Hired one thing, but then sued for another? It may be a more common problem than you think.  In a recent decision, an appellate court held that an attorney tasked with a seemingly simple and defined engagement, may actually be on the hook for much more. This serves as an important reminder to effectively communicate with the client to ensure there is a consensus as to the scope and limits of the engagement.

Plaintiff Attorney (“PA”) decided to retire from Law Firm (“Firm”).  In so doing, he hired defendant Outside Law Firm (“Outside Firm”) to concretize his departure from Firm by preparing the necessary documents. But, after the departure was finalized, PA brought a legal malpractice claim against Outside Firm when he discovered that the agreement did not contain a provision related to payouts from a 401(k).

Initially, the trial court granted summary judgment on behalf of Outside Firm.  That court found that Outside Firm merely acted as “scriveners,” in that their primary function was to take the terms and language of the departure agreement as provided by PA, and turn them into a binding agreement. Outside Firm was not responsible for negotiating these terms or for orchestrating any other aspect of PA’s departure from Law Firm. On this basis, the trial judge concluded that Outside Firm did not technically represent PA, but merely acted as an instrument in effectuating his departure.

On appeal, however, the court reversed and held that, despite Outside Firm’s seemingly limited involvement, the potential scope was a matter of factual dispute.  Among other concerns, the appellate court noted that there may well have been representation by Outside Firm on behalf of PA, as the acceptance of professional responsibility by a law firm “need not necessarily be articulated.” The appellate court further found that, despite Outside Firm’s primary responsibility to effectuate the terms of the departure agreement as provided by PA, it may well have had a professional responsibility to explore further the terms of this agreement, particularly with respect to the 401(k).  Ultimately, the appellate court decided that this matter had too many factual wrinkles to be decided by summary judgment.
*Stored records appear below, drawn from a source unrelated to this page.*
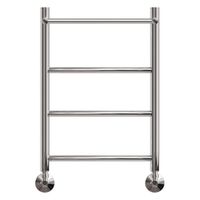 Водяной полотенцесушитель Point Афина П3 400x600 с полкой Хром арт-PN04146P — фото 2, Водяные полотенцесушители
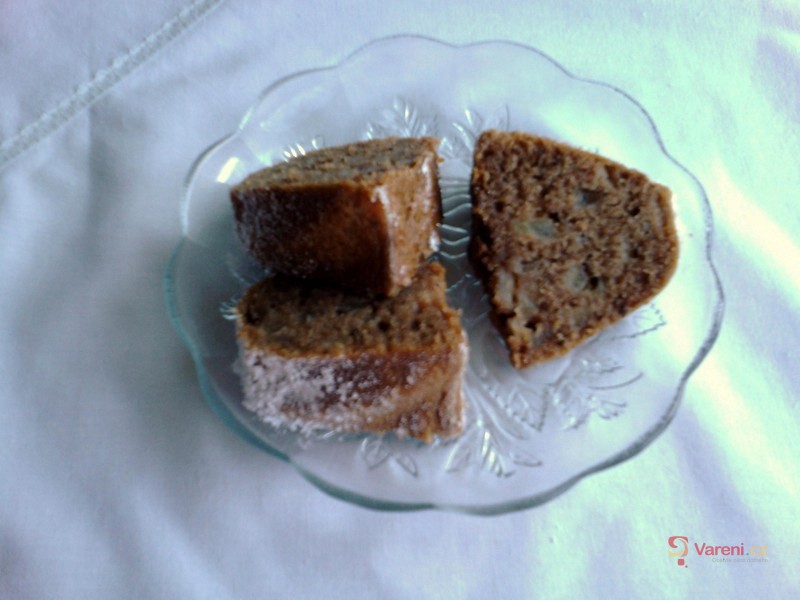 Bábovka s hruškou a kakaem - fotografie 2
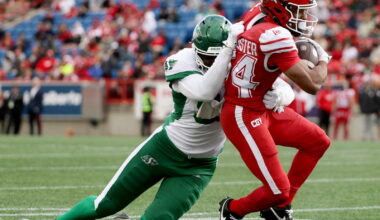 Low five: key plays cost Calgary Stampeders win against Saskatchewan Roughriders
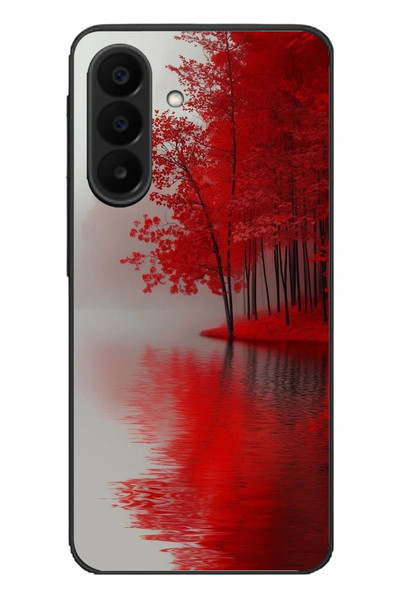 Le Balvo Samsung Galaxy A27 Uyumlu Sonbahar Gölü Baskılı Silikon Kılıf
So, what does this teach us? Never assume that even the most seemingly simple representation is as appears at first blush. Even if hired for what seems to be the most rudimentary task (i.e., something akin to a “scrivener”), it behooves any attorney or firm to approach that task with a fine-toothed comb and to ensure that the scope of the agreement is clearly spelled out and understood. Since the scope of representations continues to impose risks to professionals, clearly documented communication may be the key.